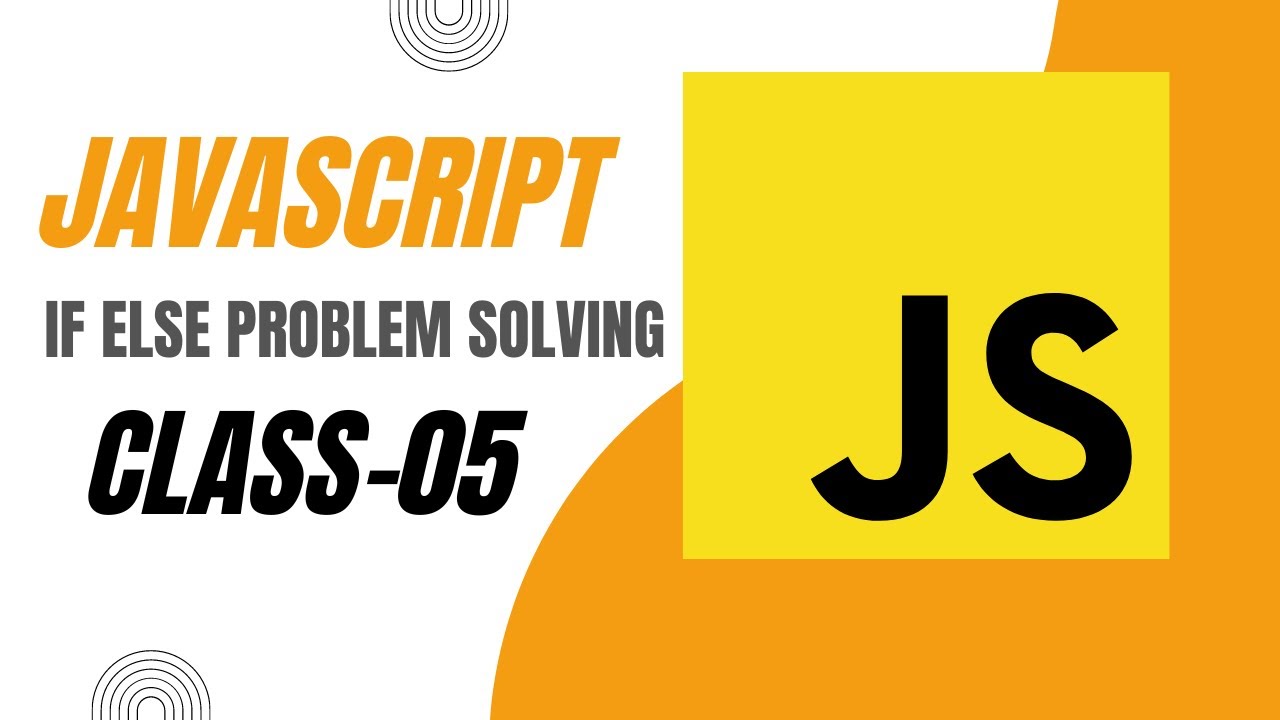 basic problem solving javascript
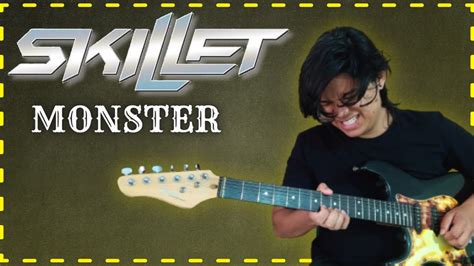 SKILLET MONSTER Guitar Cover - YouTube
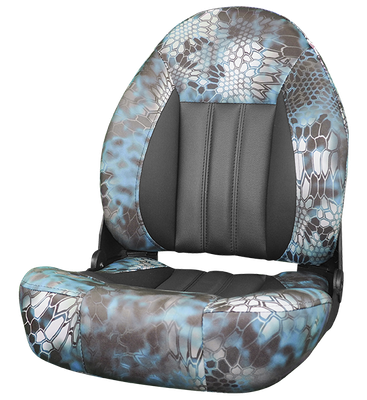 ProBax Orthopedic Boat Seat - Kryptek Neptune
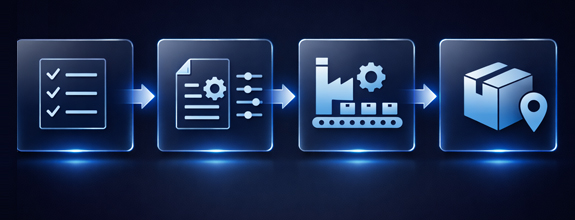 Схема 4 шага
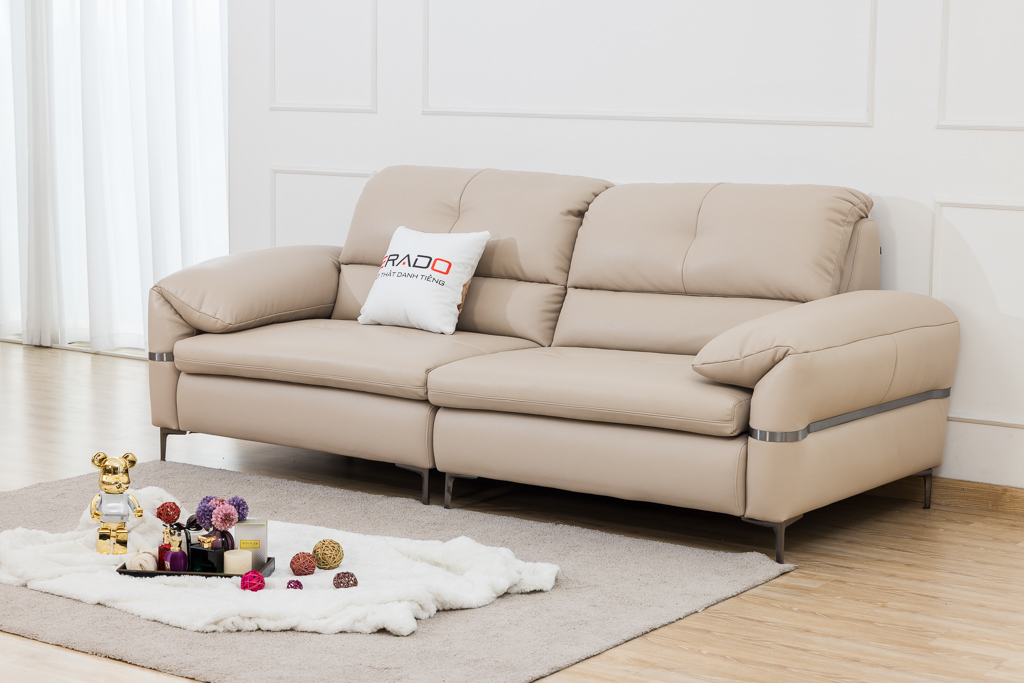 Sofa da 6658 - Êm ái mỗi ngày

Goal of the exercise
Copy out the entries exactly as they stand, omitting the images.

Answer box
 basic problem solving javascript
 SKILLET MONSTER Guitar Cover - YouTube
 ProBax Orthopedic Boat Seat - Kryptek Neptune
 Схема 4 шага
 Sofa da 6658 - Êm ái mỗi ngày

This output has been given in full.